The 'bushwacking' near Walkerville; two soldiers and one citizen killed.
A typical account of the local fighting, hard feelings and hardships created during the war years (Edited for easier reading, and also an attempt to make it a bit more objective/scientific by removing some of the subjective/emotional vocabulary, and often slight Union 'leanings' in the original verson.)
...On Wed, April 2, 1862, Co. H.S. Lipscomb of the 11th Mo State Militia and Capt. Wilmot, with an escort of 13 men started from Shelbina heading to Shelbyville via the Walkerville road, with a wagon load of supplies.  A little less than a mile south of the the Walkerville Mill they were ambused by Tom Stacy's band of about 16 men.  Two militiamen of the 11th Missouri State Militia, Mr. Long and Thomas Herbst from Shelby Co, plus a citizen of Shelby Co, Lilburn Hale who lived 3mi SE of Shelbyville, were killed by Stacy's men.  Mr. Hale had been overtaken about a quarter mile from the ambush, on his way home by the State Militia and was riding with them.  He had gone to Shelbina that morning to mail a letter to his son J.C. Hale in Pike Co.  All the men were shot in the head at close range.  It was wondered why at least a dozen were not killed.  Ring, Deener and Henning of the 11th Missouri State Militia were wounded.

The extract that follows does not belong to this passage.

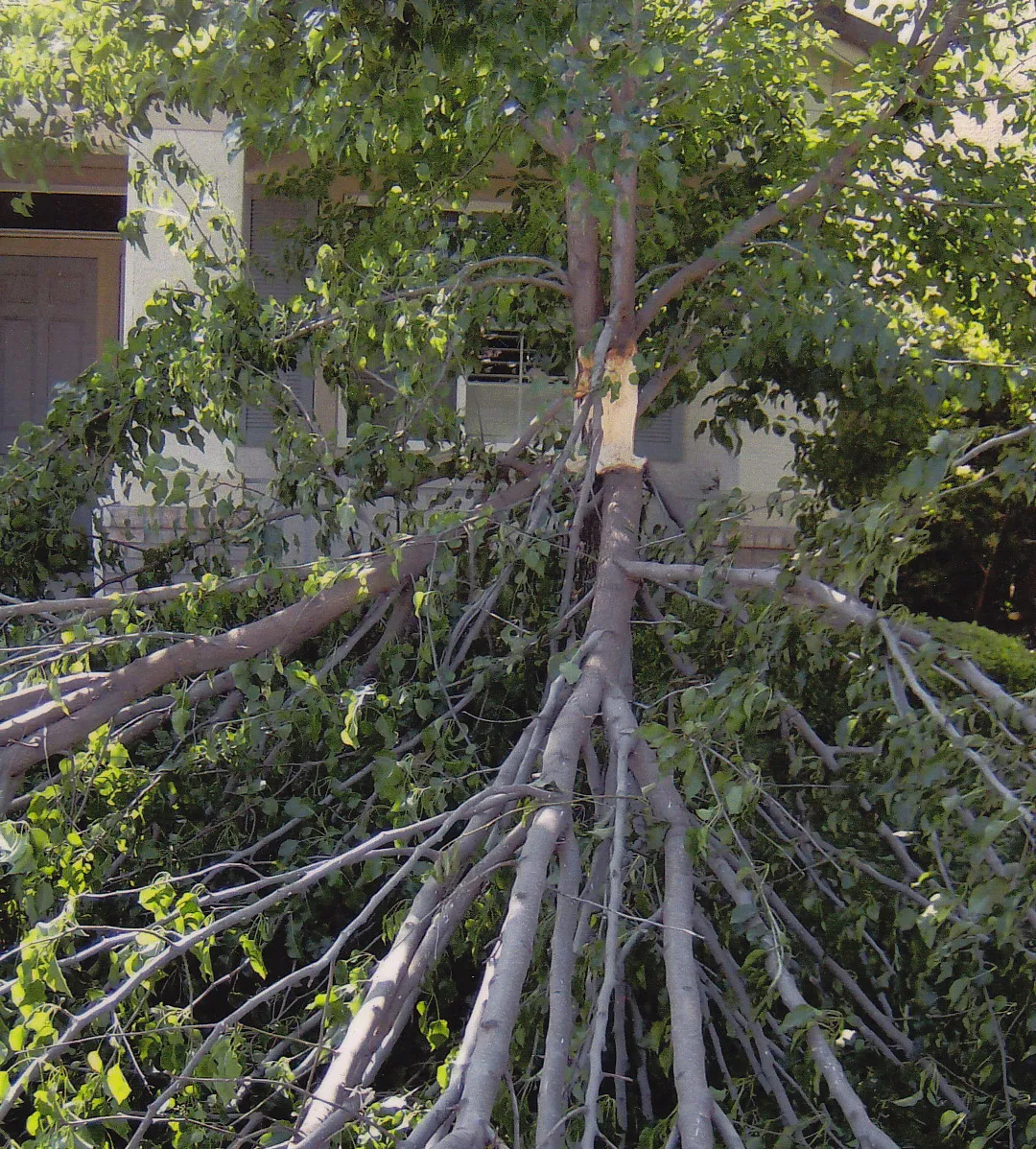 Bradford pear trunk failure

...Col Lipscomb galloped on to Shelbyville to give the alarm.  The Militia at Shelbyville, Lt. John Donahue with 25 men started immediately in pursuit of Stacy.  Lt. Holiday's squad, under Sgt. Engles, went directly to the site of the shooting and started on the trail in the muddy ground from the Walkerville area SE.  In the middle of the afternoon the next day, Lt. Donahue came upon Stacy's group at Kincheloe bride on Black Creek, ten miles east of Walkersville.  Stacy had just crossed the bridge heading north or northeast.  The Federals were going east.  The Federals charged Stacy's men, who scattered, taking to the brush, swimming back across Black Creek or just fleeing straight away. 
...Two of Stacy's men were killed outright, one drowned in Black Creek and another badly wounded was never found.  Stacy himself abandoned his horse and gear.  Stacy's men killed were, William Carnehan who lived at Walkerville, leaving a wife and child, and James Bradley from NW Shelby Co.  Bradley had been riding a mule and either jumped or was thrown off.  He then threw away a fine double barrel shotgun and started to run.  Sgt. John S. Duncan, alter postmaster at Shelbyville, being mounted, was immediately upon Bradley, who stopped, threw up his hands and called out rapidly and excitedly, "Don't shoot, I give up, I hain't done nothing," etc.  Duncan replied, "Well, I can't shoot an unarmed man," lowering  his gun.  As Bradley started to go back as for his shotgun, Duncan said, "Don't run."  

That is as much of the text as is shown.